Em 2007, durante o seu 3º Congresso, o PT defende que “a reforma política não pode ser um debate restrito ao Congresso Nacional, que já demonstrou incapaz de aprovar medidas que prejudiquem os interesses estabelecidos dos seus integrantes. Ademais, setores conservadores do Congresso pretendem introduzir medidas como o voto distrital e o voto facultativo, de sentido claramente conservador. O Partido dos Trabalhadores defende que a reforma política deve ser feita por uma Constituinte exclusiva, livre, soberana e democrática.”.

No mesmo documento, o Partido avançava em alguns dos temas considerados estratégicos no debate da reforma, como a “convocação de plebiscitos para decidir questões de grande alcance nacional; a simplificação das formalidades para proposição de iniciativas populares legislativas; a convocação de consultas, referendos e/ou plebiscitos em temas de impacto nacional; o Orçamento Participativo; a correção das distorções do pacto federativo na representação parlamentar; a revisão do papel do Senado, considerando o tempo de mandato, a eleição de suplentes e seu caráter de câmara revisora; a fidelidade partidária, o financiamento público exclusivo de campanhas eleitorais, o voto em lista pré-ordenada, o fim das coligações em eleições proporcionais; o fim da reeleição para todos os cargos majoritários a partir das próximas eleições; e a proibição do exercício de mais de três mandatos consecutivos no mesmo cargo”.

Em 2013, a luta por mudanças no sistema político ganhou novo fôlego no contexto das jornadas de junho e julho. Diante das mobilizações do período, a presidenta Dilma Rousseff propôs a convocação de um processo constituinte específico para a reforma política como um dos cinco pactos nacionais apresentados à população.

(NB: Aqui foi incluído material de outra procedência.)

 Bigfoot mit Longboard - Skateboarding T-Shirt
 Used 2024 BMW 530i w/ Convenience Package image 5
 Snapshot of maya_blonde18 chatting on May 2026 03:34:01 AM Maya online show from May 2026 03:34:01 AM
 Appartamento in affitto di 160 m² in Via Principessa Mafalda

A reação à proposta da presidenta provoca no Congresso Nacional a retomada de iniciativas conservadoras de reforma do sistema político. Dentre estas a PEC 352/2013 que, a despeito da posição contrária do Partido dos Trabalhadores e da sua bancada, tem como relator o deputado Cândido Vaccarezza (PT-SP) e reúne retrocessos como a manutenção do financiamento empresarial, do voto nominal e a inclusão de uma modalidade de voto distrital. No mesmo período, organizações populares do campo e da cidade assumiram a realização de um plebiscito popular e a pauta da constituinte do sistema político, como parte de uma luta mais ampla por reformas democráticas e populares no país.

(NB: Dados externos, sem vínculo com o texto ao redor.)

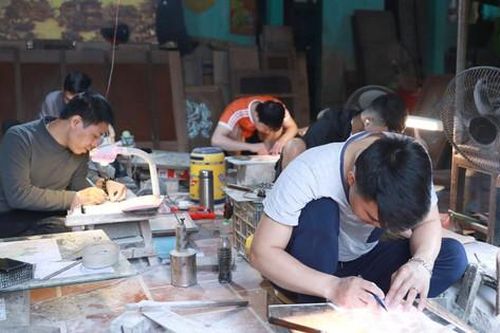 Giúp lao động làng nghề tiếp cận an sinh xã hội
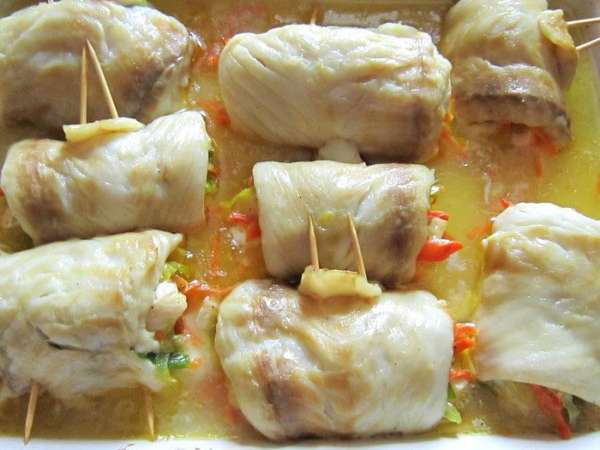 Получаются вот такие красивые рулетики! Аккуратно вынимаем шпажки и готовим для них циновку.
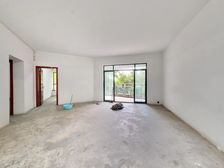 业主诚心出售,小区绿化好,稀有清水,利用大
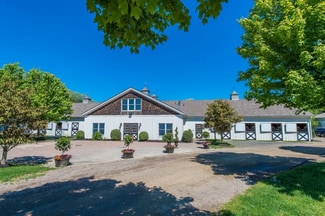 Mattituck, NY Retail - 55 Cox Neck Rd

Como se vê, a mobilização social por uma constituinte não começou por agora e nem se encerrará em setembro, com a realização do plebiscito popular. Ao enfrentar a privatização da política e lutar pela ampliação da democracia direta, da participação popular e da representação política dos trabalhadores, o campo democrático e popular enfrenta nos dias de hoje as mesmas forças políticas que resistiram às conquistas populares na constituinte de 1987-1988.

 

Bruno Elias, Secretário de Movimentos Populares do PT.